▶ YOUR TASK
Reproduce from the records below, with no pictures, exactly the lines between the one containing "метамфетамин Осташков" and the one containing "吉林省白城市通榆县毓才高级中", inclusive.

▶ DATA FOR THE TASK
-=-=-=-=-
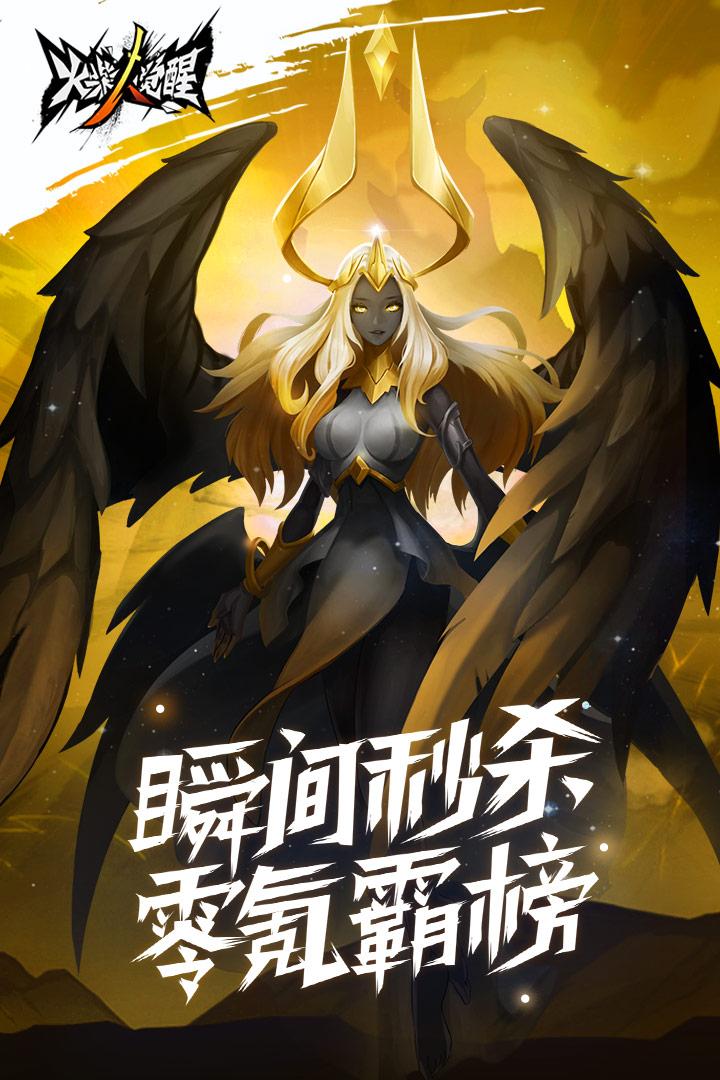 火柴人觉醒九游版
-=-=-=-=-
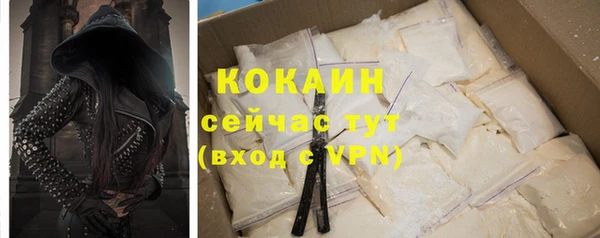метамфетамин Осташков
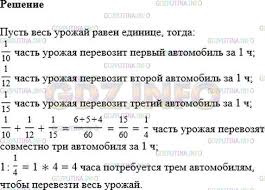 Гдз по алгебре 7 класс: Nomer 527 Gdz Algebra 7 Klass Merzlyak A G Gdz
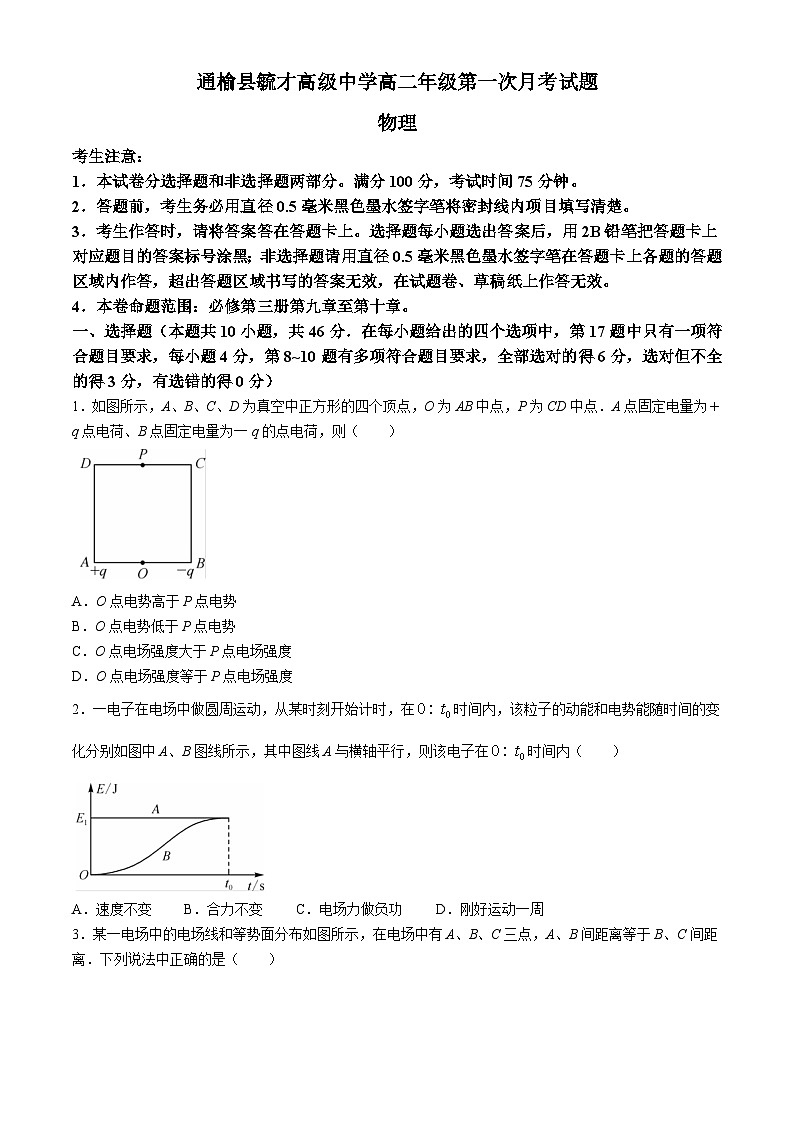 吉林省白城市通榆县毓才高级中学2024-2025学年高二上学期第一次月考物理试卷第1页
-=-=-=-=-
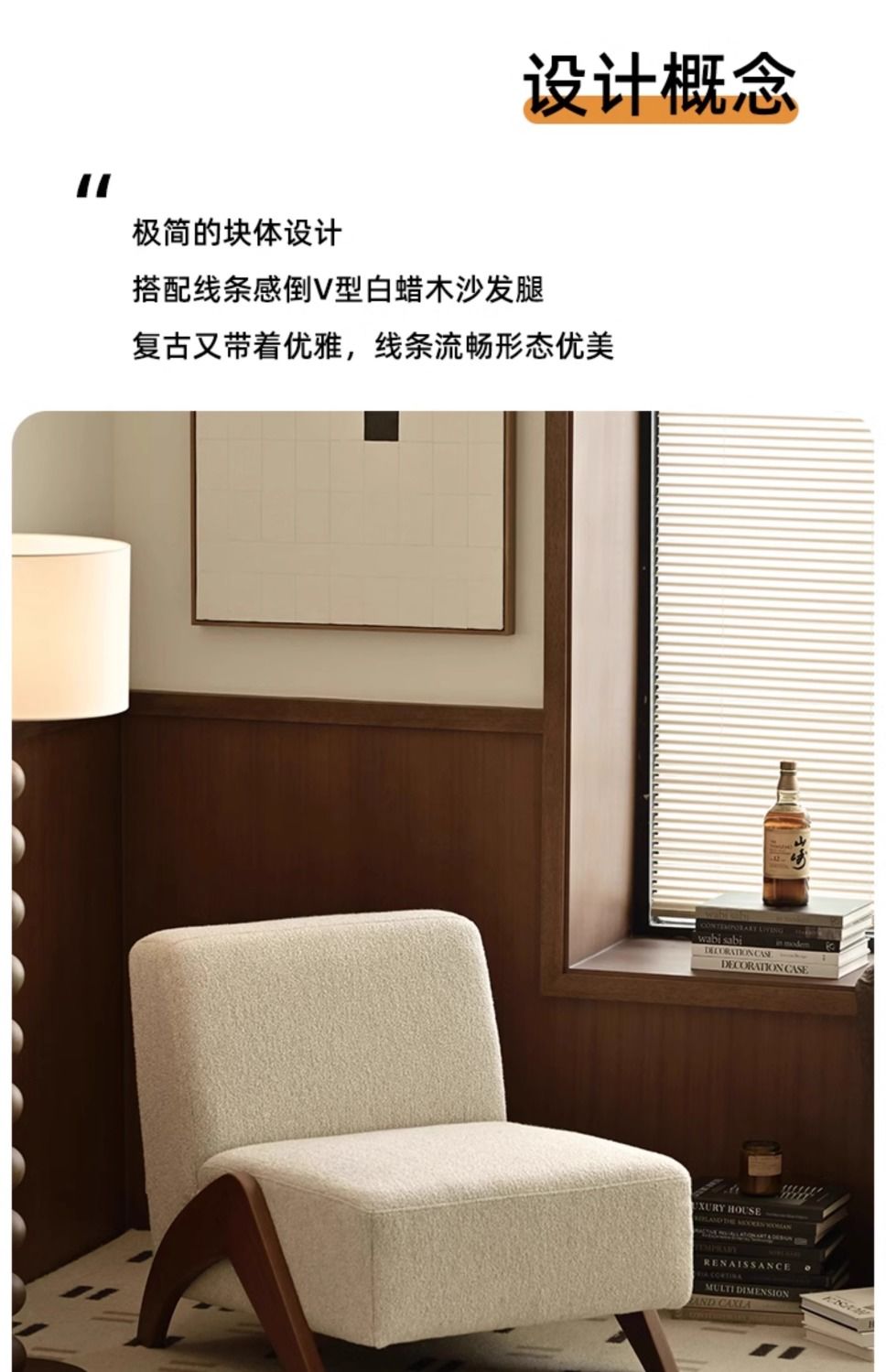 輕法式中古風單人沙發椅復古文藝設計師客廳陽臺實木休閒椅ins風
-=-=-=-=-
▶ TASK RESULT
метамфетамин Осташков
 Гдз по алгебре 7 класс: Nomer 527 Gdz Algebra 7 Klass Merzlyak A G Gdz
 吉林省白城市通榆县毓才高级中学2024-2025学年高二上学期第一次月考物理试卷第1页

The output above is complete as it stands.